Revise the edge and node files for BIOMARKER.
Optional: Upload the edge and node files to the Globus folder.
Take a copy of the latest set of ontology CSVs of the Data Distillery minus the Biomarker data (DD-no-BIOMARKER) and add it to your ETL environment.
Add your new edge and node files to the folder that corresponds to the download folder of your Globus Connect Personal setup. Your copy of edges_nodes.ini should point to this folder. For example, I download everything from Globus to a subfolder of my Documents folder on my MacOs machine. My ini file looks like:
[Paths]

Local paths containing ingestion files

...
BIOMARKER=/Users/jas971/documents/globus/Import/BIOMARKER

Run the ingestion script to generate a new set of ontology CSVs with the new BIOMARKER (./build_csv.sh -v BIOMARKER), integrating your version of BIOMARKER with the DD-no-BIOMARKER.
Using the ontology CSVs generated in step 5, execute the workflow described in ubkg-neo4j to build a Docker container.
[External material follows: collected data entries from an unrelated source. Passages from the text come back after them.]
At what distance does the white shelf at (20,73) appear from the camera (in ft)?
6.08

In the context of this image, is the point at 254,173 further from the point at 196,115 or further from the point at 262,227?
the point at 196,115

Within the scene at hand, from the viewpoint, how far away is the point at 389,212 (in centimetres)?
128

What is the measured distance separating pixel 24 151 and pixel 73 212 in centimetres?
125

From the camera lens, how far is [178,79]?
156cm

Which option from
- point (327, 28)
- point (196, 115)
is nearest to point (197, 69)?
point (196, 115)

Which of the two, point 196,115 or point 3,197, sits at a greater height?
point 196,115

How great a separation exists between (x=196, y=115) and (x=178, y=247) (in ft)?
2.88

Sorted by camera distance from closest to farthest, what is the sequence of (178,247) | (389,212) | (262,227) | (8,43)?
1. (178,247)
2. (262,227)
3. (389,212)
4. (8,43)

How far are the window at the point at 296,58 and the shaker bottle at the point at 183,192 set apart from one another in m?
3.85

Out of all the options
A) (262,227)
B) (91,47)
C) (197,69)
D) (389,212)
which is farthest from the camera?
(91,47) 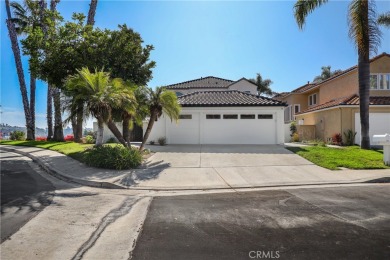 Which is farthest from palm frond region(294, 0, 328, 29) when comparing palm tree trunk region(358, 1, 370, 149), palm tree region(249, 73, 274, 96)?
palm tree region(249, 73, 274, 96)

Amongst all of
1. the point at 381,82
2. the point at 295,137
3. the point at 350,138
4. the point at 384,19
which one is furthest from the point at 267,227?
the point at 381,82

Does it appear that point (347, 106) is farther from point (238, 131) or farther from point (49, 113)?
point (49, 113)

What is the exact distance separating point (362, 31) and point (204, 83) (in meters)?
20.5

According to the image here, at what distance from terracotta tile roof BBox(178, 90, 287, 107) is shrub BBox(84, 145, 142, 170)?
8.69 meters

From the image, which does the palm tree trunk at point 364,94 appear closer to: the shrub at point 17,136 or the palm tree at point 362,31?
the palm tree at point 362,31

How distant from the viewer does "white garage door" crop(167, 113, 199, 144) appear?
20.1 meters

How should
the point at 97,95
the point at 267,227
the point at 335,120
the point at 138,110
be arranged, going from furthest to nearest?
1. the point at 335,120
2. the point at 138,110
3. the point at 97,95
4. the point at 267,227

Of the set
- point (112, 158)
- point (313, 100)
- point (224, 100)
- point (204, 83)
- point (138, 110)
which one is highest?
point (204, 83)

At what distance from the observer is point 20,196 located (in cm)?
695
As you've probably experienced, the longest waits are in the import of the CSVs and the time spent to create the relationship indexes. (Pro [or maybe jaded amateur] tip: if you find the import taking forever, especially for relationships, you're probably running into memory issues. Reboot and do over.)

The Zip of the CSVs for the Jan 3 Data Distillery except for BIOMARKER is available at https://ubkg-downloads.xconsortia.org/.

The file name is DD_no_BIOMARKER03Jan2025.zip.

jeet-vora assigned seankim658 Mar 5, 2025